Robert Bork, who was then the solicitor general, opposed me. The court’s decision, announced by Justice Byron White in March 1977, was fractured. There were many separate concurrences, and several justices joined only a portion of White’s opinion. Justice Potter Stewart concurred in the judgment and filed an opinion that was joined only by Justice Lewis Powell.
The sole dissenter was then Chief Justice Warren Burger. He rejected the legal position endorsed by the rest of the court—that Section 5 of the 1965 Voting Rights Act empowered New York to design a significant nonwhite voting majority. Burger’s dissent said, in language that foreshadowed the court’s recent ruling: “Manipulating the racial composition of electoral districts to assure one minority or another its ‘deserved’ representation will not promote the goal of a racially neutral legislature.”

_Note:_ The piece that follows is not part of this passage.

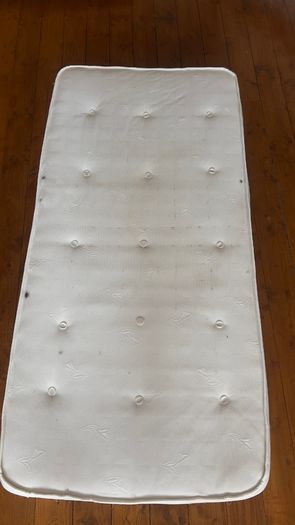 Free Single Mattress 190x90 cm Clean Condition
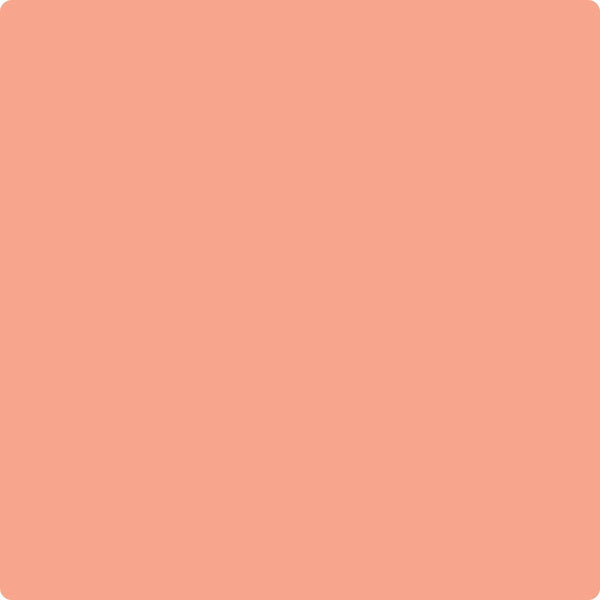 1007 Pastel Peach  Cincinnati Colors - Cincinnati Color Company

I recall encountering Stewart shortly after the decision was announced. I was descending the front steps of the court building, and he was coming up, probably after lunch. (In those days, the front steps were open to all.) He said to me, “Nat, that was a hard case you gave us.” I replied, “So why did I get so little support?”
The passage of half a century, the enactment of additional civil-rights election laws and the issuance of many Supreme Court opinions in recent decades have driven into obscurity my 1967 personal experience with racial gerrymandering that harmed the Jewish electorate.
The 1960s legislature that supported New York’s Jewish population is gone. Jews today are fighting antisemitism in the New York legislature, as well as in its cities and streets.
Is there a legal path that will secure for New York’s Jewish voters the capacity to elect legislators who will protect their interests, just as the state’s nonwhite voters of the 1960s were fortified by the distinctive relief that I unsuccessfully challenged? It will take imaginative legislation, but the possibility exists under the Supreme Court’s latest decision because it invalidated only legislation that squarely discriminates based on race and thereby conflicts with the 14th and 15th amendments.